▼

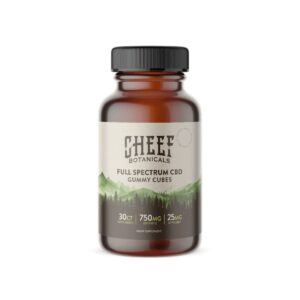 Cheef Botanicals - 750mg (25mg - 30ct)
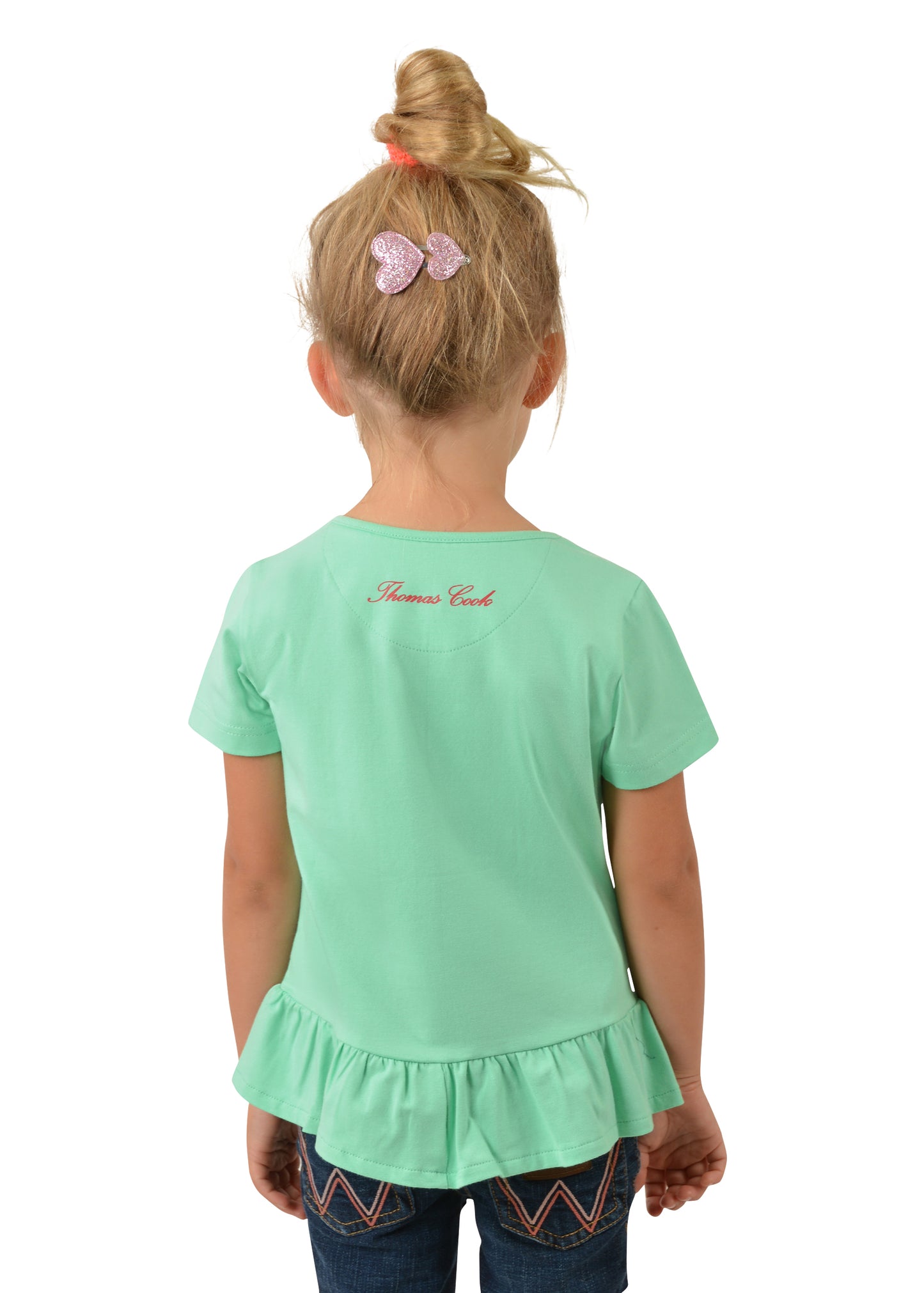 Thomas Cook Girls Belle Frill Hem Tee - T2S5517089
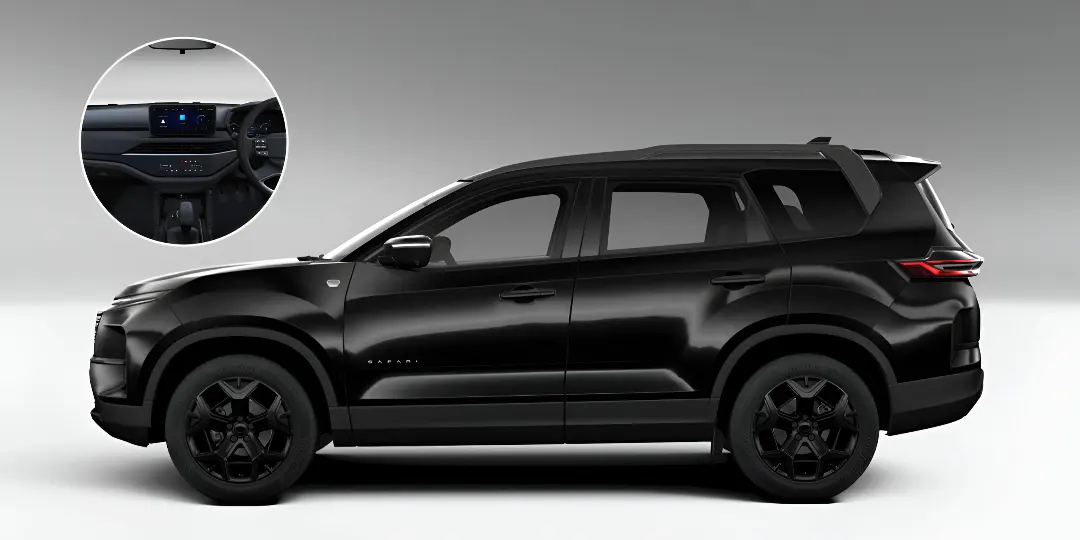 Tata Safari Adventure X+ Dark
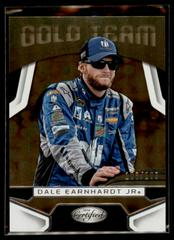 Dale Earnhardt Jr #GT8 Racing Cards 2016 Panini Certified Nascar Gold Team Prices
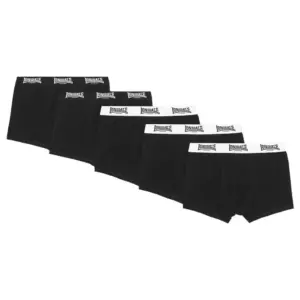 Lonsdale North Challow Boxers 5 Eenheden Zwart
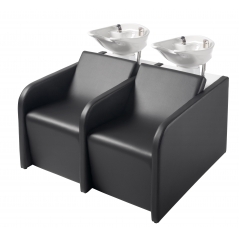 Bac à shampoing JIN 2 sièges 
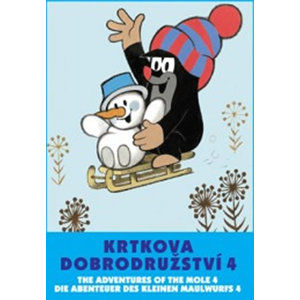 Krtkova dobrodružství 4. - DVD - Miler Zdeněk
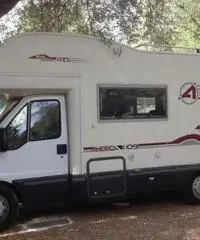 arca america 309 camper mansardato arca america 309 camper mansardato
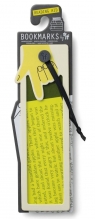 Zakładka do książki Reading Aid żółta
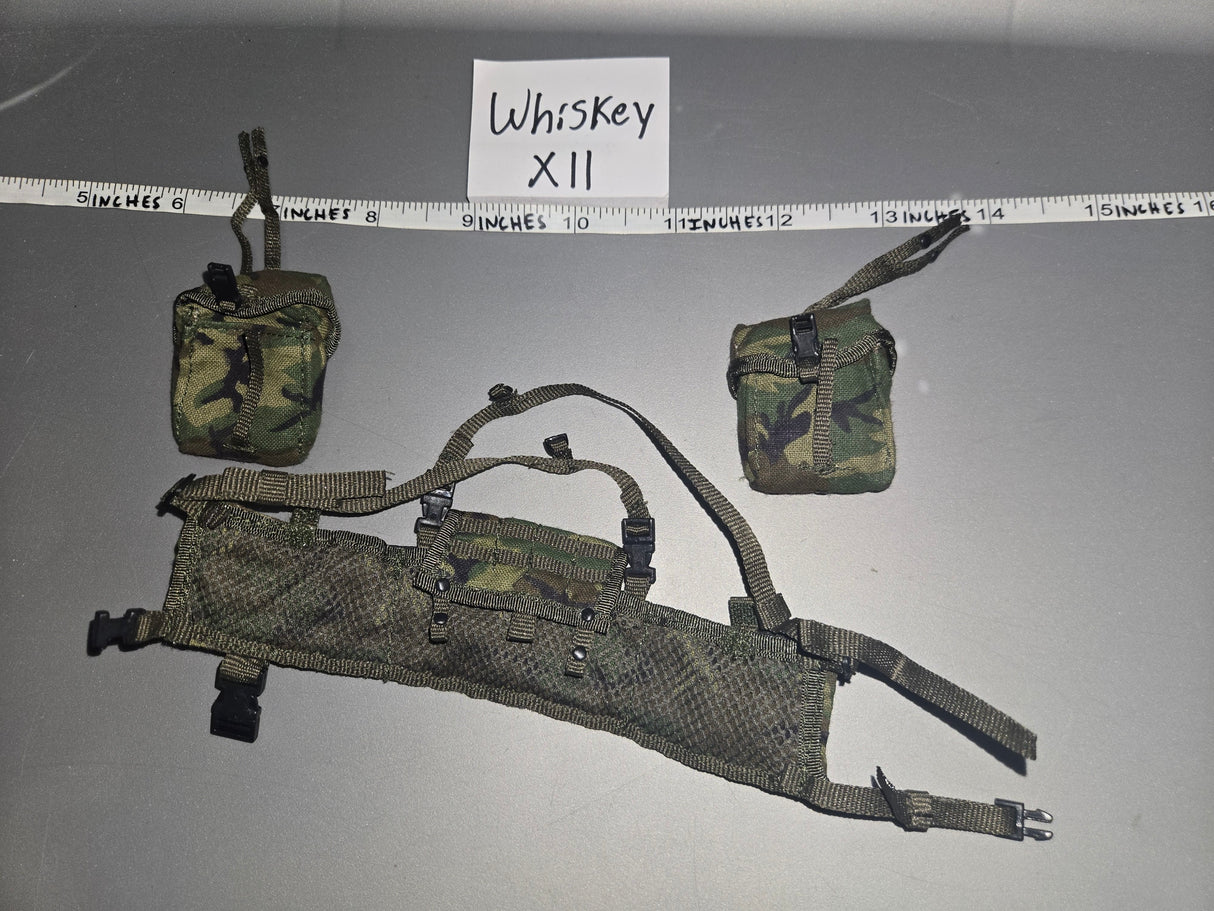 1:6 Scale Modern Era Woodland Chest Rig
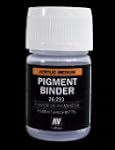 Vallejo Pigment Binder / Pigment Glaz...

▲

Work required — The reply should consist only of the lines running from the one with "1:6 Scale Modern Era Woodland Chest Rig" through the end of the material, both included, copied exactly; please omit pictures.

Response —
 1:6 Scale Modern Era Woodland Chest Rig
 Vallejo Pigment Binder / Pigment Glaz...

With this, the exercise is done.